Secondo le stime della BBC, circa 430mila lavoratori appartenenti ai Dipartimenti non essenziali entrano da oggi in congedo forzato, un licenziamento temporaneo. E non è tutto, altri 480mila lavoratori appartenenti ai Dipartimenti essenziali dovranno comunque lavorare senza però percepire il proprio stipendio, ma una volta rientrati in ufficio riavranno le retribuzioni perse. Il tutto con un costo di 400 milioni di dollari al giorno.

Una battaglia politica del Congresso che, a seconda della durata, potrebbe causare uno shock economico non indifferente

Una battaglia politica: tra Obamacare e One Big Beautiful Act

Ad avere il coltello dalla parte del manico questa volta sono i democratici. Nonostante i repubblicani detengano la maggioranza, al Senato servivano 60 voti per approvare la legge di bilancio e alzare il tetto del debito, esattamente 7 voti in più di quelli a disposizione del “Grand Old Party”. Questo solitamente significa una cosa soltanto: condizioni in cambio di voti

E questa volta i dem hanno giocato duro. Con 53 voti favorevoli e 47 contrari, i repubblicani hanno bocciato la proposta dell’opposizione che prevedeva l’estensione dei sussidi dell’Affordable Care Act, l’Obamacare, in scadenza a fine anno. In sostanza, i democratici hanno messo gli avversari alle strette: o accettate il mantenimento dei sussidi, o andiamo in shutdown. I repubblicani hanno accusato i democratici di “voler far pagare agli americani la sanità degli immigrati irregolari”, mentre i democratici hanno risposto che i repubblicani “rifiutano di garantire l’assistenza sanitaria degli statunitensi”, come dichiarato su X da Chuck Schumer, leader della minoranza democratica al Senato.

Anche con i migliori propositi di mantenere una sanità per tutti, sono ancora diversi i problemi che questa legge ha introdotto, tra cui un aumento del premio per chi non riceve i sussidi, una sorta di monopolizzazione del mercato e soprattutto la promessa mai mantenuta di abbassare i costi della sanità. Ora, i democratici hanno fatto la prima battaglia politica nel secondo mandato di Trump, con un piccolo dettaglio: hanno lasciato a casa circa 1 milione di americani. Ma in ottica liberale, questa potrebbe essere un’occasione

Il piano MAGA è stato chiaro a riguardo: cancellare l’Obamacare, come parzialmente avvenuto nel primo mandato, per sostituirlo definitivamente con il One Big Beautiful Bill Act approvato nel 2025. Tagli alla spesa pubblica, esclusione di alcune categorie dalla copertura (tra cui chi detiene uno status legale temporaneo, come i richiedenti asilo), maggiore responsabilizzazione individuale e una spinta significativa verso il settore privato potrebbero conciliare con lo shutdown.

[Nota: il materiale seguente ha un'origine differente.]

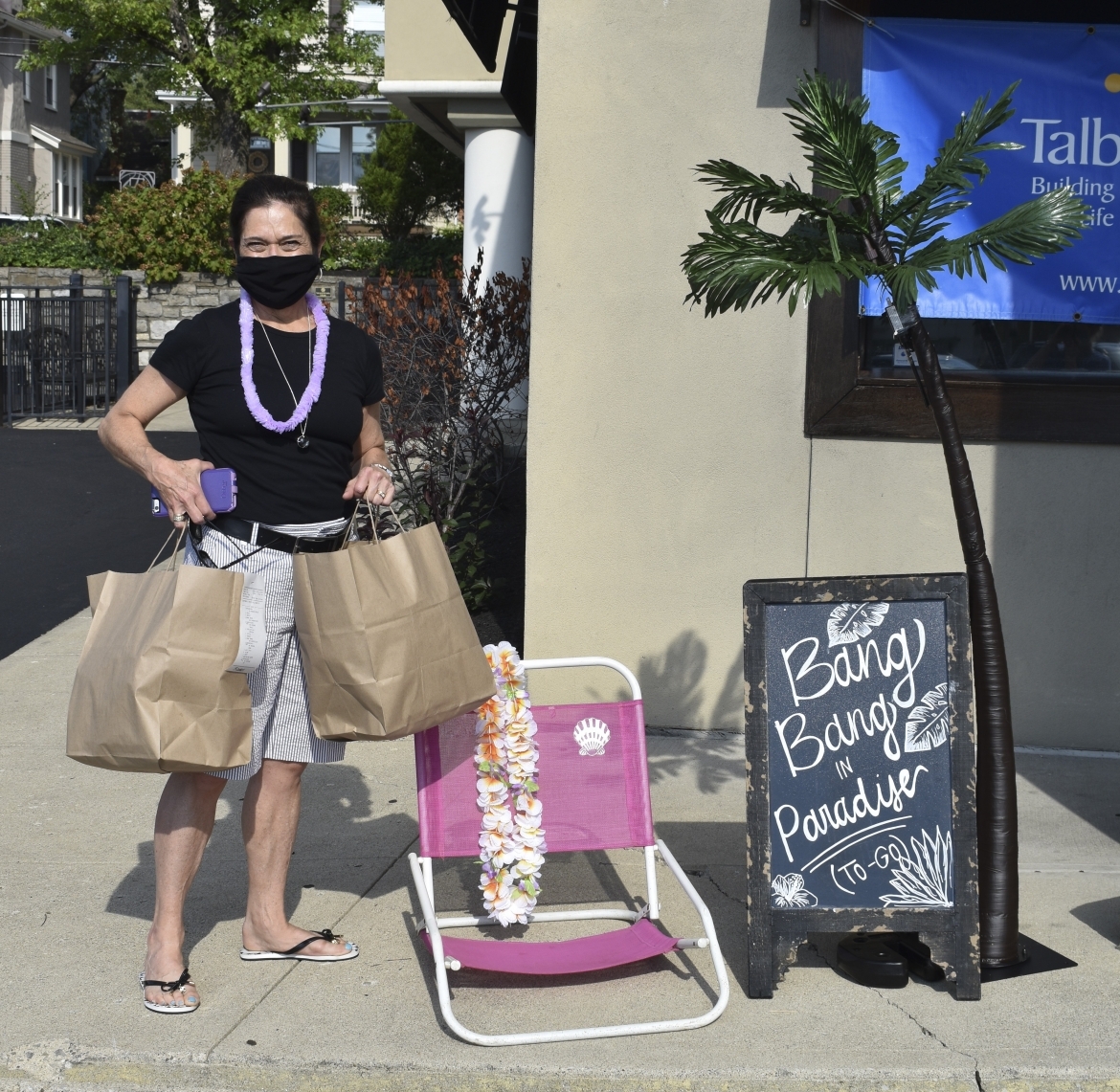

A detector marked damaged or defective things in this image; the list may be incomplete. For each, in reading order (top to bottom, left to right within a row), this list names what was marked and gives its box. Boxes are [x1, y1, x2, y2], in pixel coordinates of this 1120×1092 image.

Tuttavia, quella che sembra essere una riforma sostitutiva più liberale è in realtà anch’essa in serio conflitto con il debito americano. Le estensioni delle aliquote fiscali (TCJA) vengono rese permanenti per i redditi più bassi, e questo costa centinaia di miliardi di dollari per i mancati introiti. Inoltre, i tagli agli incentivi green e al welfare possono sì compensare, ma non a sufficienza. Una riforma che ha il sapore di populismo fiscale: si tagliano le tasse senza ridurre in modo strutturale la spesa.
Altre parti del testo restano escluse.